## Problem details
Scan the records below for the word "service". Copy each line where it appears.

Records shown START

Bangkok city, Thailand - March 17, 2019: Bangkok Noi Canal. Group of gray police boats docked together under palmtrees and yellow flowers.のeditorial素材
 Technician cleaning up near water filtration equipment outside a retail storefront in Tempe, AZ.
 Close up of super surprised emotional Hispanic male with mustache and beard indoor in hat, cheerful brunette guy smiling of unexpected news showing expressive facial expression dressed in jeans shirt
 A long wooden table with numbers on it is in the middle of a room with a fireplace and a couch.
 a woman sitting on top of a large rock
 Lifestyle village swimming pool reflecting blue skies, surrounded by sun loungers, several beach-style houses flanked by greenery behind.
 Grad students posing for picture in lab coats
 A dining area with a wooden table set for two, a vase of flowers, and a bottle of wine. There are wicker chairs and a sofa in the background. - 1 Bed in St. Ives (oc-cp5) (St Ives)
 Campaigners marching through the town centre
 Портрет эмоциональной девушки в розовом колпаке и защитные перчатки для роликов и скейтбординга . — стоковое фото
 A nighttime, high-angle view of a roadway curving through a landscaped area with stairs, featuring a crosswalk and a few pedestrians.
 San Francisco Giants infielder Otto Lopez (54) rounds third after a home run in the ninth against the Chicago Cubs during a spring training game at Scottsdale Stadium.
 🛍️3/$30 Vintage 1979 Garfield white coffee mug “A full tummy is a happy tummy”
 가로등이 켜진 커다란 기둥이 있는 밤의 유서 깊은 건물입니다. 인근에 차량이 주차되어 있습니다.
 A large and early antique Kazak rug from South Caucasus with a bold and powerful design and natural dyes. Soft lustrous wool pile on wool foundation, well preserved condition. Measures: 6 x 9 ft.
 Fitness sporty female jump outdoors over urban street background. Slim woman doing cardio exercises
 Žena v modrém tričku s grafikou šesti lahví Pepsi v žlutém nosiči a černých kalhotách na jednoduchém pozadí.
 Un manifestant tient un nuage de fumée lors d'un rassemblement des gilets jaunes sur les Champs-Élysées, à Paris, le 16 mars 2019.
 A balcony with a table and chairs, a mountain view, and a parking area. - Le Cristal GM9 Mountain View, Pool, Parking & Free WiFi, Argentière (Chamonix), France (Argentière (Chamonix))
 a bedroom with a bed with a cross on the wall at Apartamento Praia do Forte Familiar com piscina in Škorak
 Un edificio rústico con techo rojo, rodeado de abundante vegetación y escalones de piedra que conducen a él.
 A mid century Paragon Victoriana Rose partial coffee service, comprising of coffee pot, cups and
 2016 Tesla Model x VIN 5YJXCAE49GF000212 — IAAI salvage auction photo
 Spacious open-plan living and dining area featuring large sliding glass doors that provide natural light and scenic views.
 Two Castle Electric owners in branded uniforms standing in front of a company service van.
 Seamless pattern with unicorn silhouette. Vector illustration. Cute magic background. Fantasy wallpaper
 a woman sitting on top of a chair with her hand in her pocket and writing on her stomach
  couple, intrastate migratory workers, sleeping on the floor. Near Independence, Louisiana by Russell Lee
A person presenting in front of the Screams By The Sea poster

Records shown END

## Problem solution
 A mid century Paragon Victoriana Rose partial coffee service, comprising of coffee pot, cups and
 Two Castle Electric owners in branded uniforms standing in front of a company service van.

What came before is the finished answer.